Prompt:
Write every line below out again, exactly as given, but leave out the pictures.

Information provided:
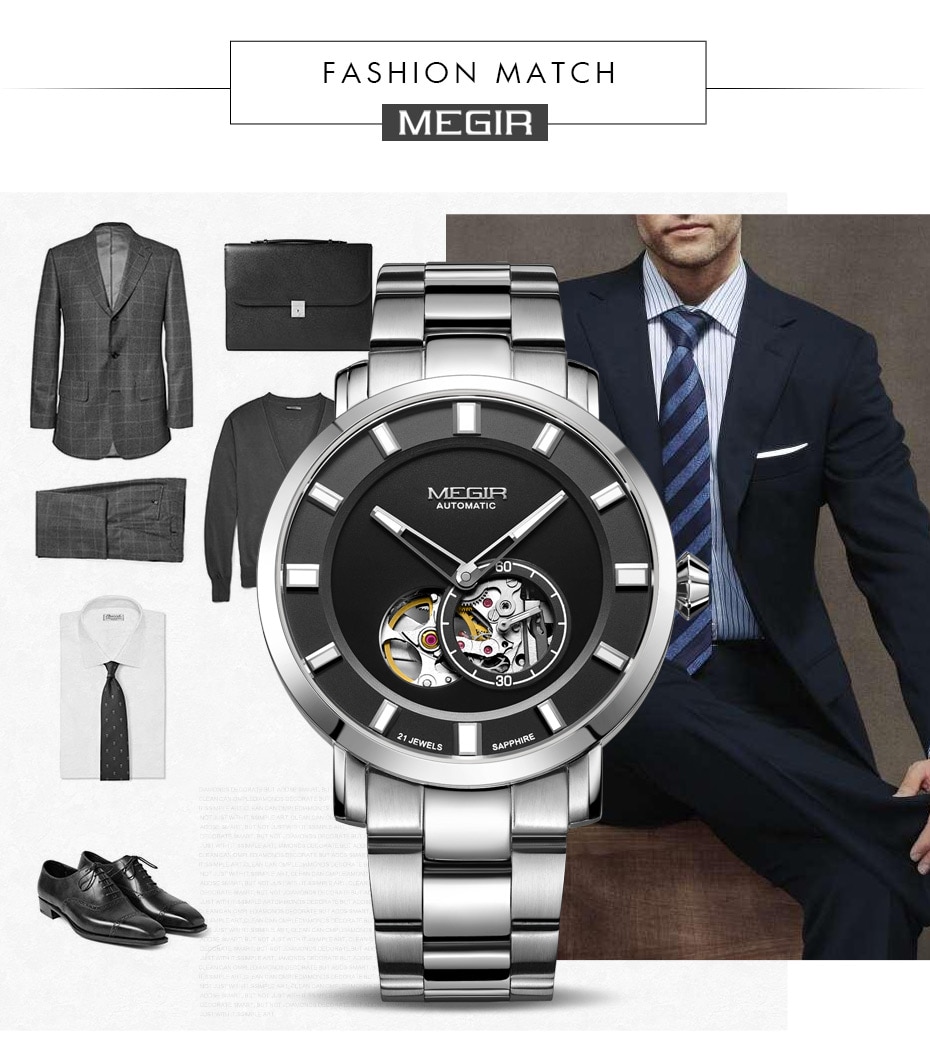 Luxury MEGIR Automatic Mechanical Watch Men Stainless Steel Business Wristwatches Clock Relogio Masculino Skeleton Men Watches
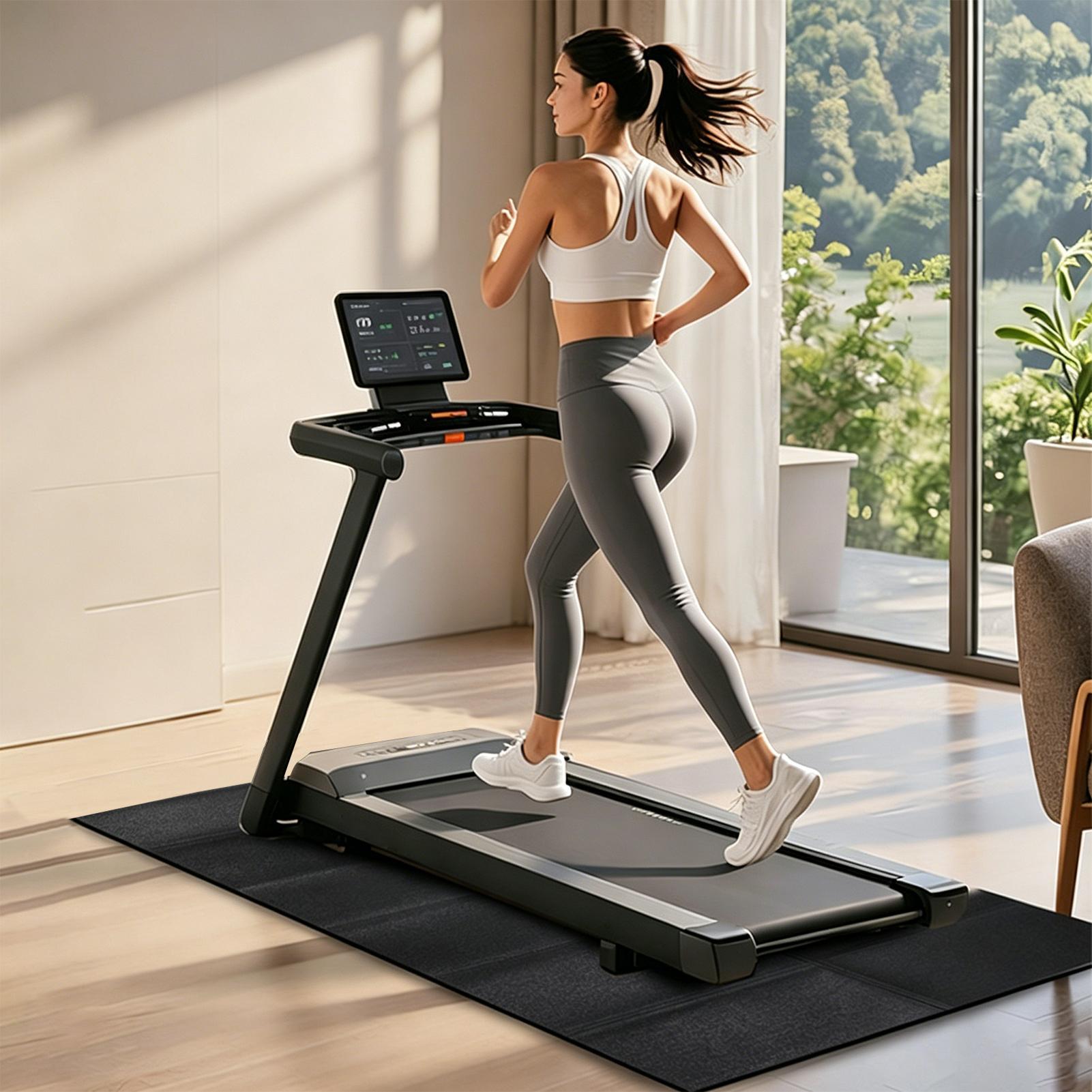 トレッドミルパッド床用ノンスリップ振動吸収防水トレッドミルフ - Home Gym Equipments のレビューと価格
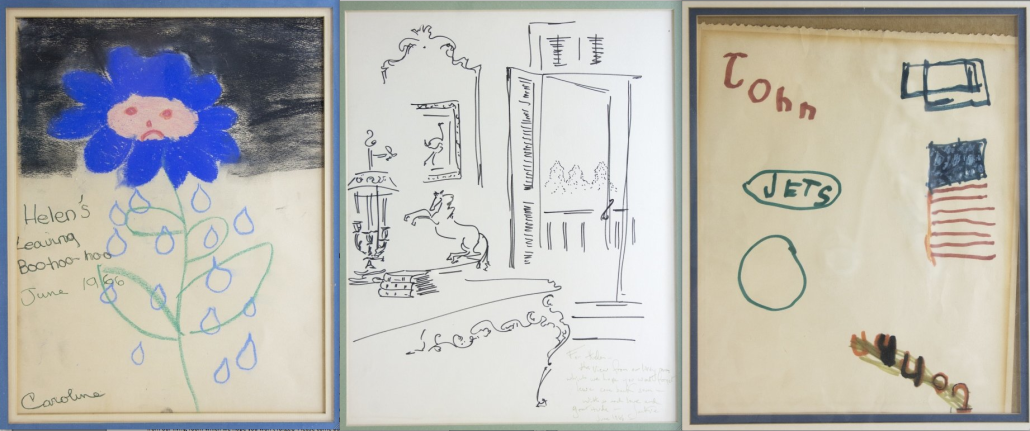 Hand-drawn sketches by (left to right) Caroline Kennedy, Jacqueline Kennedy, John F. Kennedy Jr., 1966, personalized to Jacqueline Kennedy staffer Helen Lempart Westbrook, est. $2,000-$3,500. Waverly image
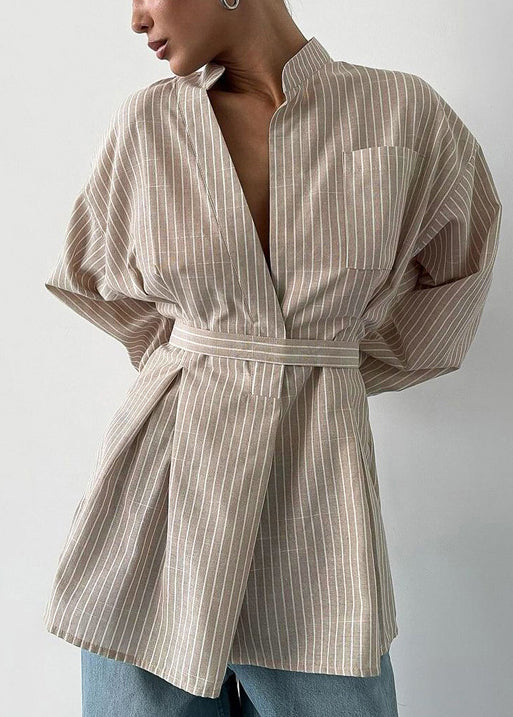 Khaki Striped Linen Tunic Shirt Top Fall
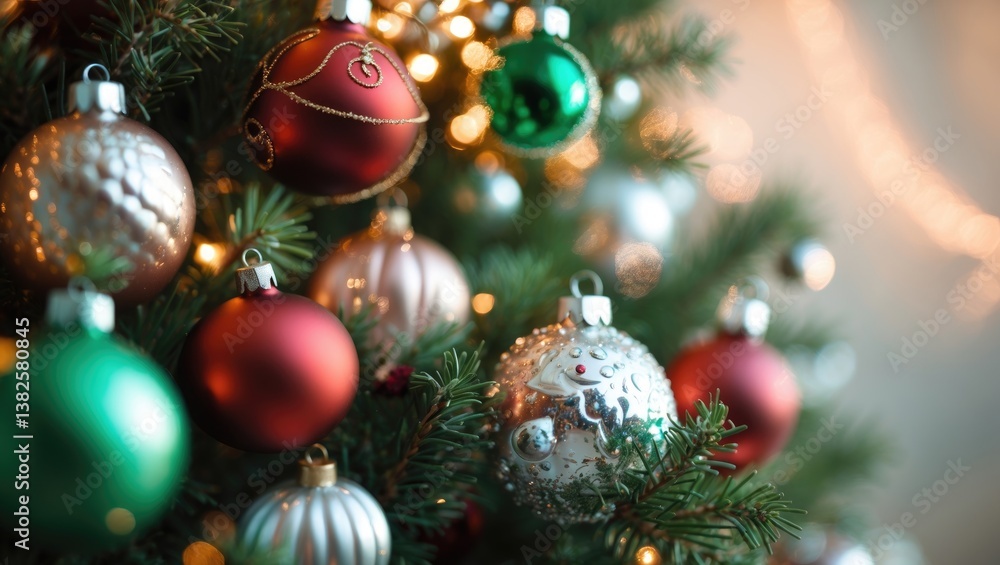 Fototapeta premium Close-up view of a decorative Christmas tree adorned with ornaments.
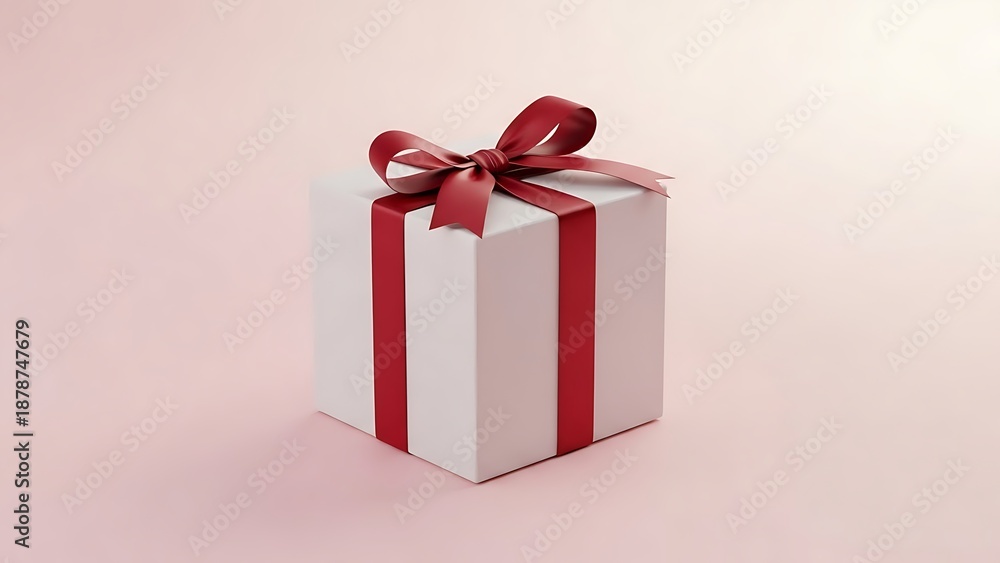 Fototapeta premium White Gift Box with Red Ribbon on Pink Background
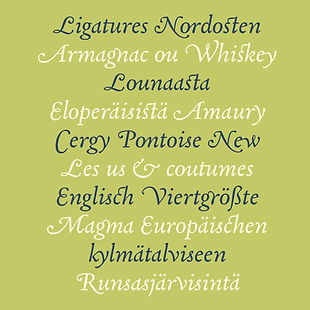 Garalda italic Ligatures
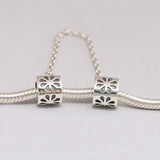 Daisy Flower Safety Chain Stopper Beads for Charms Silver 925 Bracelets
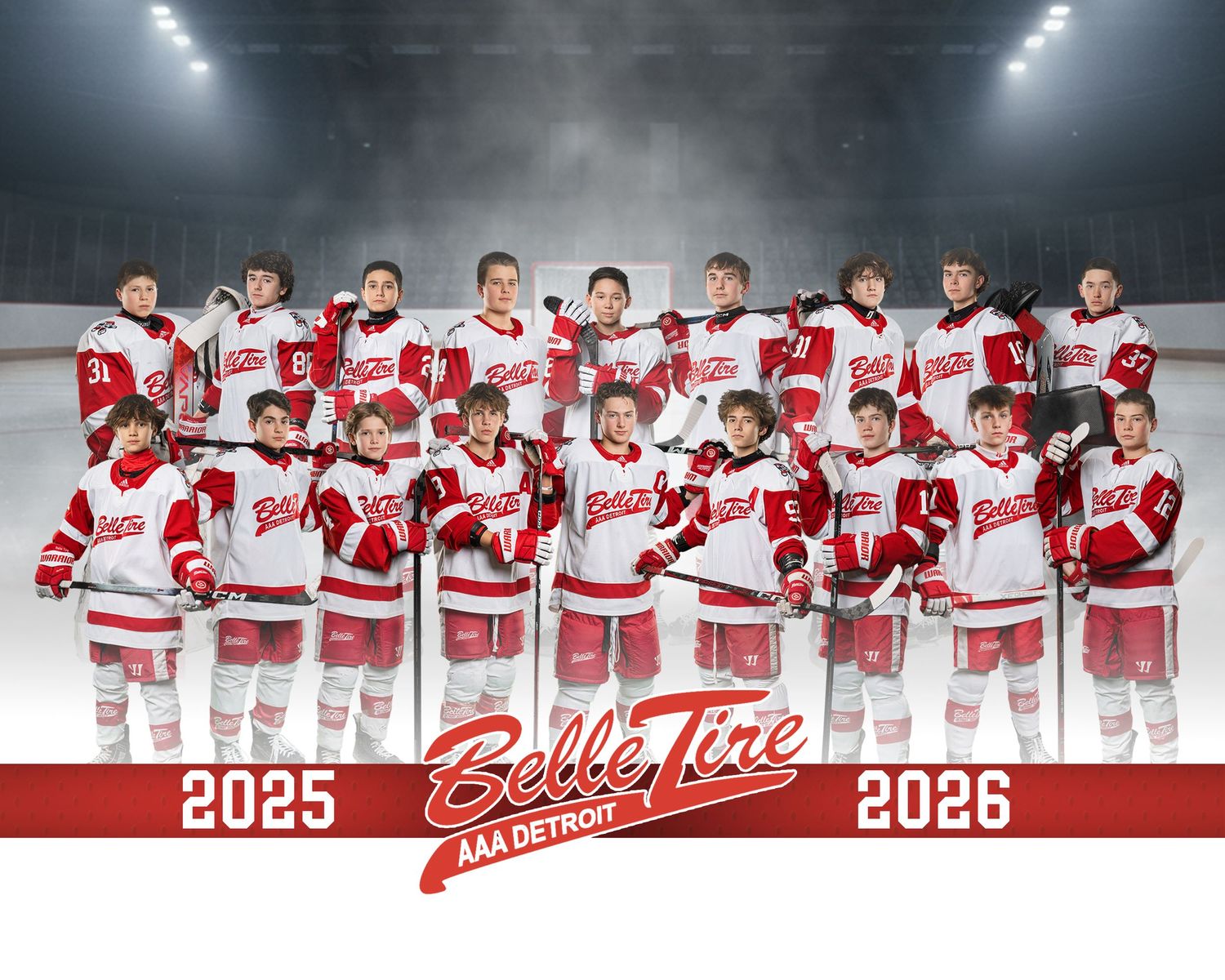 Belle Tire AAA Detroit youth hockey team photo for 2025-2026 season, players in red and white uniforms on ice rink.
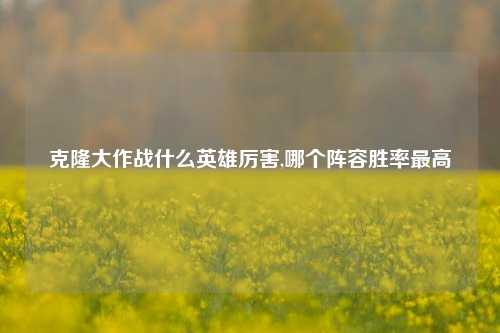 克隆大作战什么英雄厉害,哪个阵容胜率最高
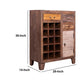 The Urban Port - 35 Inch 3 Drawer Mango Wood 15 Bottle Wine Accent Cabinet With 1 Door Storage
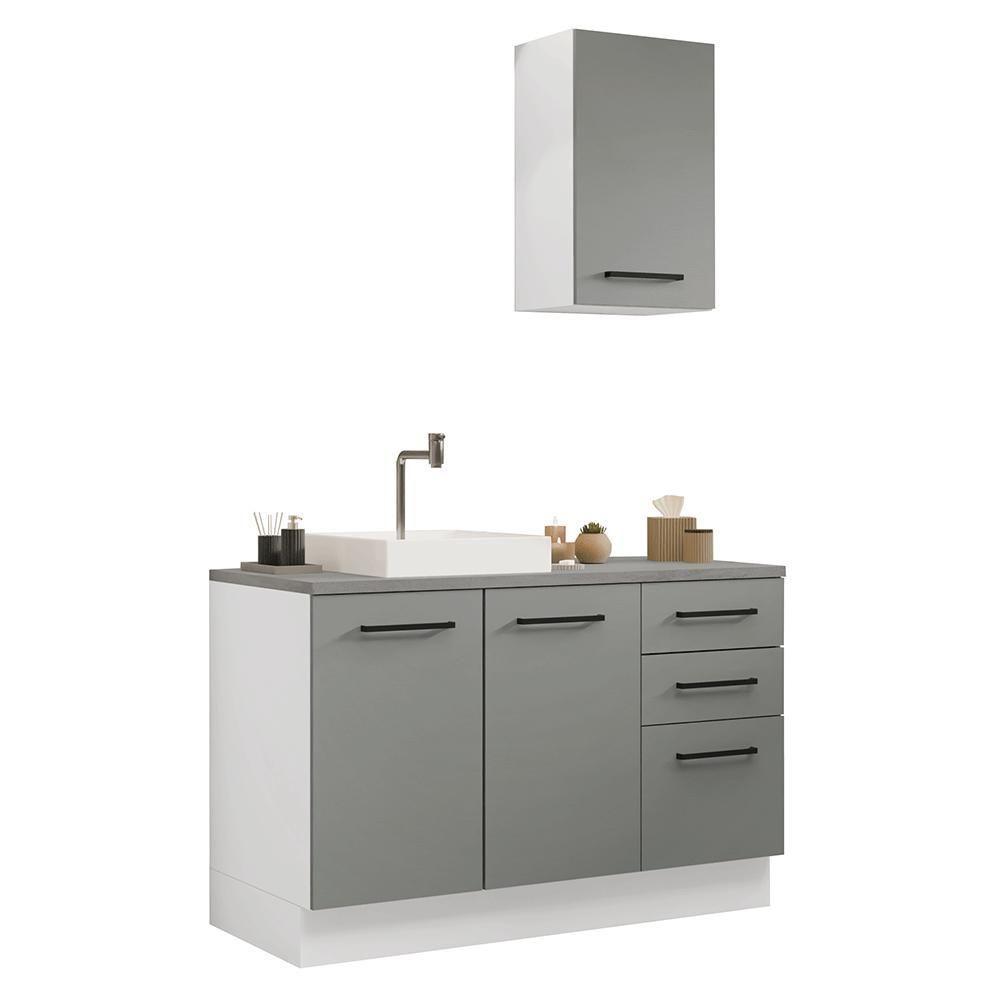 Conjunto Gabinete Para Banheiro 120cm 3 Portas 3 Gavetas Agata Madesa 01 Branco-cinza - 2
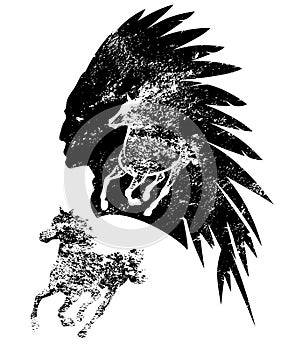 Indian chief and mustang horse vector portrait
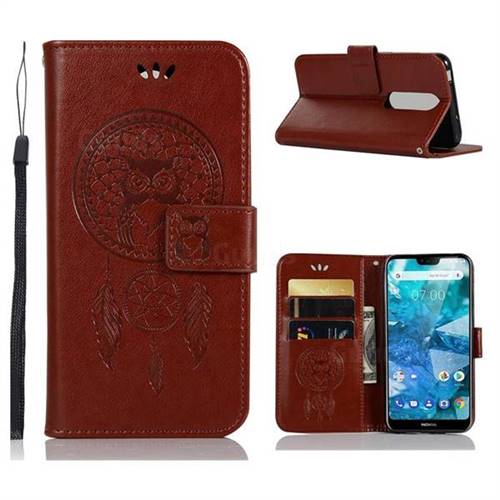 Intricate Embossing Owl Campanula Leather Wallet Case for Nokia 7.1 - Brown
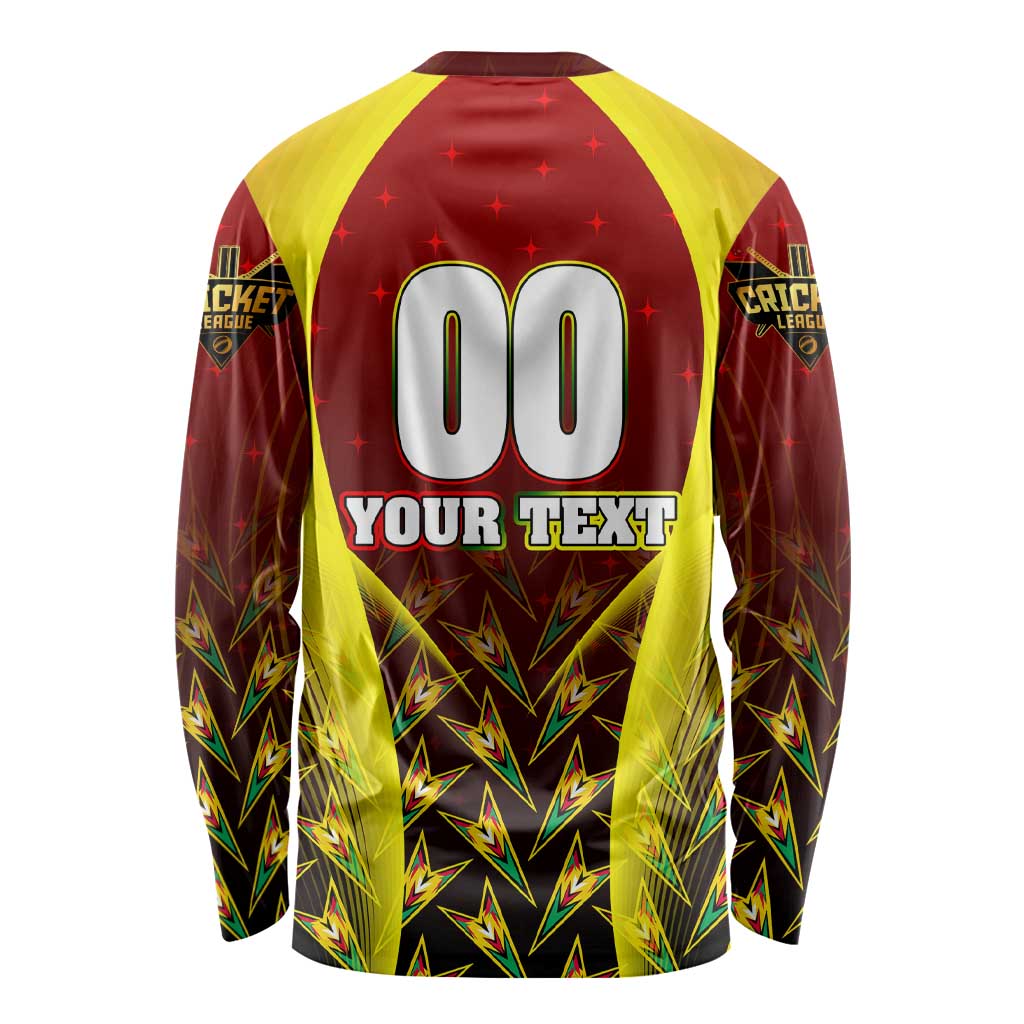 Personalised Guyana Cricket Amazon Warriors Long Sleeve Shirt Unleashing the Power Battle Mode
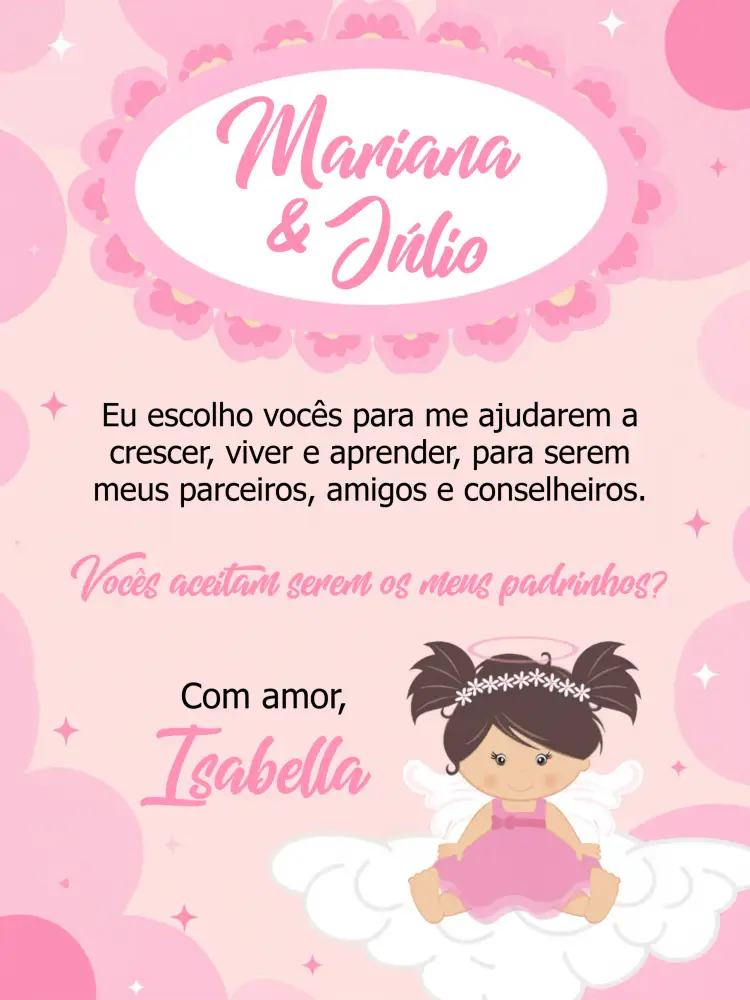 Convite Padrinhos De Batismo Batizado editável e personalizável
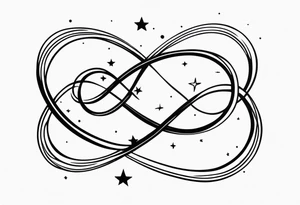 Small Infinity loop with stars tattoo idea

Response to the task:
 Luxury MEGIR Automatic Mechanical Watch Men Stainless Steel Business Wristwatches Clock Relogio Masculino Skeleton Men Watches
 トレッドミルパッド床用ノンスリップ振動吸収防水トレッドミルフ - Home Gym Equipments のレビューと価格
 Hand-drawn sketches by (left to right) Caroline Kennedy, Jacqueline Kennedy, John F. Kennedy Jr., 1966, personalized to Jacqueline Kennedy staffer Helen Lempart Westbrook, est. $2,000-$3,500. Waverly image
 Khaki Striped Linen Tunic Shirt Top Fall
 Fototapeta premium Close-up view of a decorative Christmas tree adorned with ornaments.
 Fototapeta premium White Gift Box with Red Ribbon on Pink Background
 Garalda italic Ligatures
 Daisy Flower Safety Chain Stopper Beads for Charms Silver 925 Bracelets
 Belle Tire AAA Detroit youth hockey team photo for 2025-2026 season, players in red and white uniforms on ice rink.
 克隆大作战什么英雄厉害,哪个阵容胜率最高
 The Urban Port - 35 Inch 3 Drawer Mango Wood 15 Bottle Wine Accent Cabinet With 1 Door Storage
 Conjunto Gabinete Para Banheiro 120cm 3 Portas 3 Gavetas Agata Madesa 01 Branco-cinza - 2
 Indian chief and mustang horse vector portrait
 Intricate Embossing Owl Campanula Leather Wallet Case for Nokia 7.1 - Brown
 Personalised Guyana Cricket Amazon Warriors Long Sleeve Shirt Unleashing the Power Battle Mode
 Convite Padrinhos De Batismo Batizado editável e personalizável
 Small Infinity loop with stars tattoo idea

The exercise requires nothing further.